Hi team! Is there any way to resolve factory data...
# questions
g
Hi team! Is there any way to resolve factory datasets and access them from a DataCatalog/KeroDataCatalog instance? I notice using the CLI to create a list of datasets
kedro catalog list
will automatically resolve them (for a given pipeline - see this bit of code) while doing
catalog.list()
in a kedro jupyter notebook will just list non-factory datasets (and parameters). Are those two returning different outputs by design or is it a bug? Thanks!
h
Someone will reply to you shortly.

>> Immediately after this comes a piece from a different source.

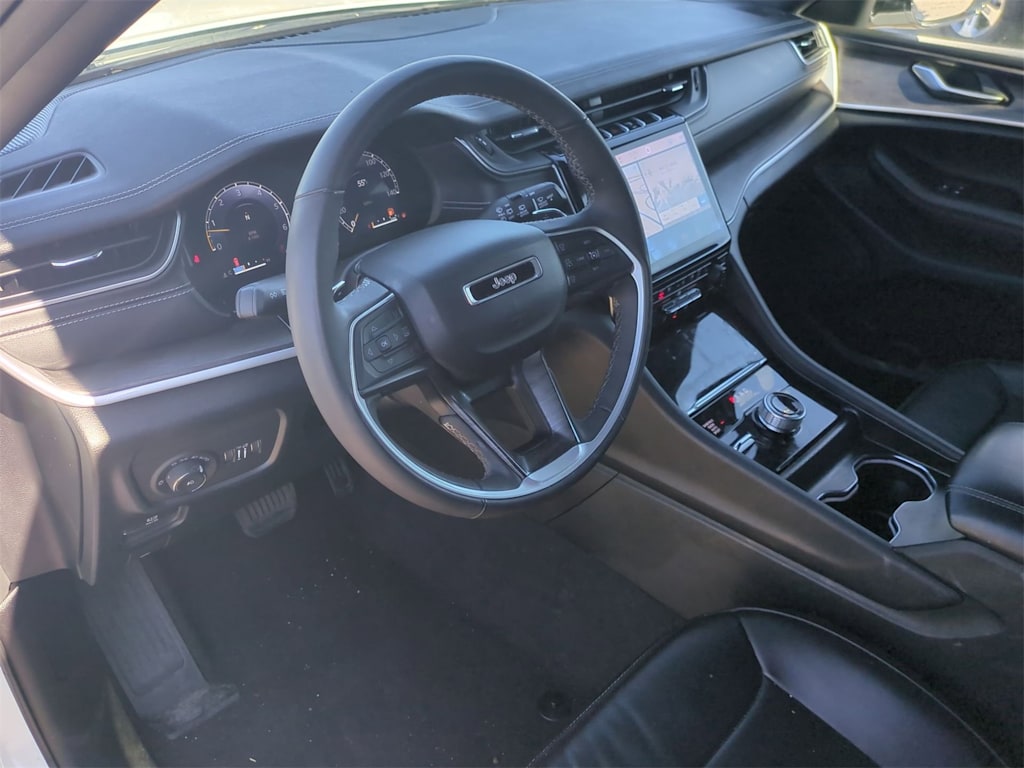 Thumbnail: 2024 Jeep Grand Cherokee L - 2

In the meantime, this might help:
g
For a bit of context, I noticed this while using vizro which has a kedro integration that relies on catalog.list. In practice, I would like to query by name a dataset defined by a factory dataset and get its load function.
d
So there is a trick for doing this before we fix this. Essentially .list() needs to match the patterns before they show up so you can do
catalog.list(Pipeline.inputs() | Pipeline.outputs())
K 1
g
Thanks @datajoely, it does not work out of the blue:
Copy code
from kedro.framework.project import pipelines
pipeline = pipelines.get("__default__")
catalog.list(pipeline.inputs() | pipeline.outputs())
returns
Copy code
AttributeError: 'set' object has no attribute 'strip'
Seems like regex_search is supposed to be a string? If I pass `regex_search=".*KWD.*", where KWD is part of one of my factored datasets, it also does not find it.
a
The factory datasets are lazy so they don’t show up in
catalog.list()
(Discussion in https://github.com/kedro-org/kedro/issues/3312) With the new catalog you can do -
Copy code
catalog["<dataset_name>"]
And it’ll resolve and get you the factory dataset
Copy code
for dataset in pipelines['__default__'].datasets():
  catalog.exists(dataset) # or catalog.get_dataset(dataset)

# now it'll show up
catalog.list()
🥳 1
K 1
g
Thank you @Ankita Katiyar! That's perfect. PS: I opened an issue to fix this on the vizro side.